When network device 4 receives membership requests from subscriber device 8A and subscriber device 8B for the same multicast group, network device 4 maps both membership requests to the same OIF. Network device 4 then sends one copy of the multicast stream to network switch 6A on the mapped OIF. Network switch 6A replicates and forwards the multicast stream to subscriber device 8A and subscriber device 8B.

Network switches 6A and 6B (“network switches 6”) may comprise digital subscriber line access multiplexers (DSLAMs), Ethernet switches, or other devices. Each of network switches 6 may communicate with network device 4 over a shared access network supporting a data link layer protocol 14, e.g. the Asynchronous Transfer Mode (ATM) protocol or the Ethernet protocol. A Broadband Remote Access Server (BRAS) application may aggregate output from switches 6 into a higher-speed uplink to network device 4.

Each of subscriber devices 8 may utilize the Point-to-Point protocol (PPP) 16 to communicate with network switches 6. Specifically, using PPP 16, one of subscriber devices 8 requests access to network 10 and provides user information, such as a username and password. PPP 16 may be supported on digital subscriber lines (DSLs) that connect subscriber devices 8 with network switches 6. In other embodiments, subscriber devices 8 may utilize a non-PPP protocol to communicate with network switches 6.
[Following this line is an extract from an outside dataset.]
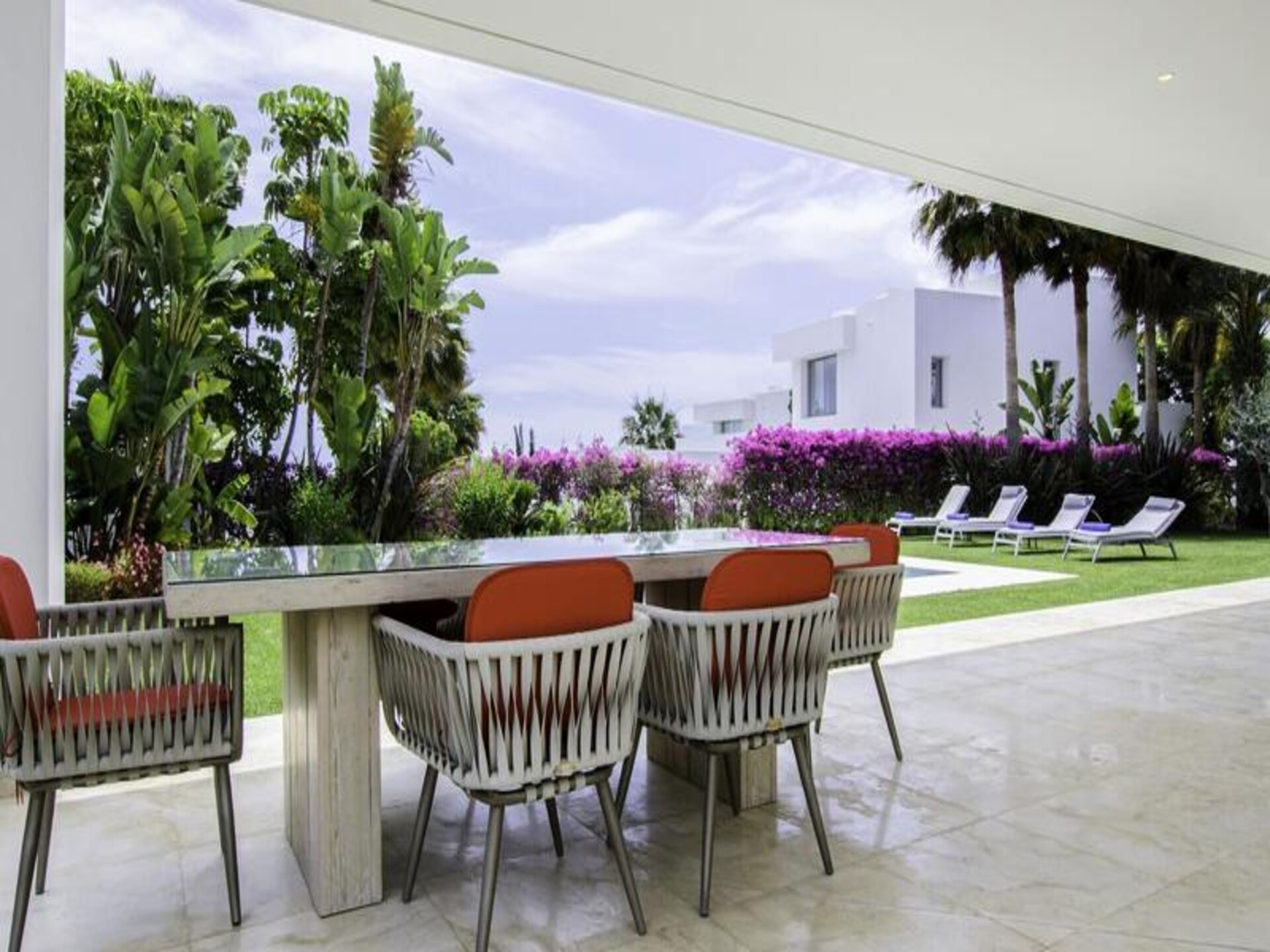 Luxe appartement bij Marbella met zeezicht, tuin en 3 slaapkamers - foto 18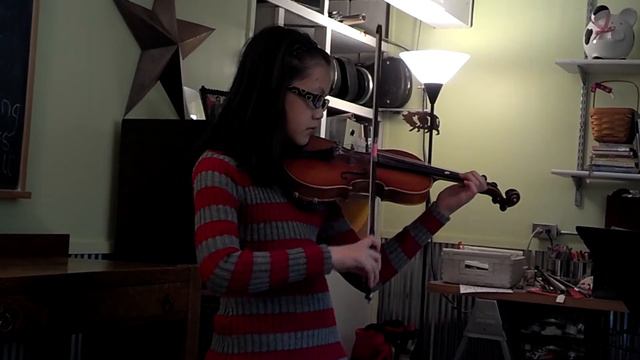 Caty plays Boccherini Minuet Suzuki violin смотреть онлайн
In some embodiments, network device 4 may comprise a router that maintains routing information between subscriber devices 6 and network 10. Network device 4 may support the BRAS application. In particular, network device 4 authenticates the user information received from subscriber devices 8. In the illustrated embodiment, network system 2 includes an authentication device 12, such as a Remote Authentication Dial-In User Server (RADIUS). Network device 4 forwards the user information to authentication device 12. Authentication device 12 authenticates the user information and provides the authentication to network device 4. In other embodiments, network device 4 may internally authenticate the user information.

The multicast transmission techniques described herein may significantly reduce the amount of multicast traffic between network device 4 and network switches 6. For example, regardless of the number of subscriber devices 8 connected to the same network switch that request the same multicast stream, network device 4 only sends one copy of the multicast stream to the network switch. In this way, network device 4 can deliver multicast streams associated with a pre-determined number of multicast groups to each of network switches 6B. Furthermore, because subscriber devices 8 issue membership requests when needed (i.e., “on-demand”), and because the set of multicast groups in-demand is likely to vary, network device 4 and network switches 6 may be designed to support fewer multicast groups than are offered to the subscribers.

FIG. 2 is a block diagram illustrating a network switch 22 and a network device 24 connected over an ATM shared access network. Subscriber devices 20A and 20B (“subscriber devices 20”) connect to network device 24 via network switch 22. Subscriber devices 20, network switch 22, and network device 24 may operate substantially similar to subscriber devices 8, network switches 6, and network device 4, respectively, from FIG. 1. Network device 24 may provide subscriber devices 20 with access to a network, e.g., network 10 from FIG. 1. For purposes of explanation, it is assumed herein that the network comprises an IPv4 network. In other embodiments, the network may comprise an IPv6 network.

Each of subscriber devices 20 connects to network switch 22 over a plurality of subscriber interfaces, e.g., virtual connections. In this case, the virtual connections comprise ATM permanent virtual circuits (PVCs). In the illustrated embodiment, subscriber device 20A has an IGMP interface 21A, a unicast interface 26A, and a plurality of multicast interfaces 28A. Each of multicast interfaces 28A carries a multicast stream for a different multicast group requested by subscriber device 20A. Subscriber device 20B has an IGMP interface 21B, a unicast interface 26B, and a plurality of multicast interfaces 28B. Each of multicast interfaces 28B carries a multicast stream for a different multicast group requested by subscriber device 20B.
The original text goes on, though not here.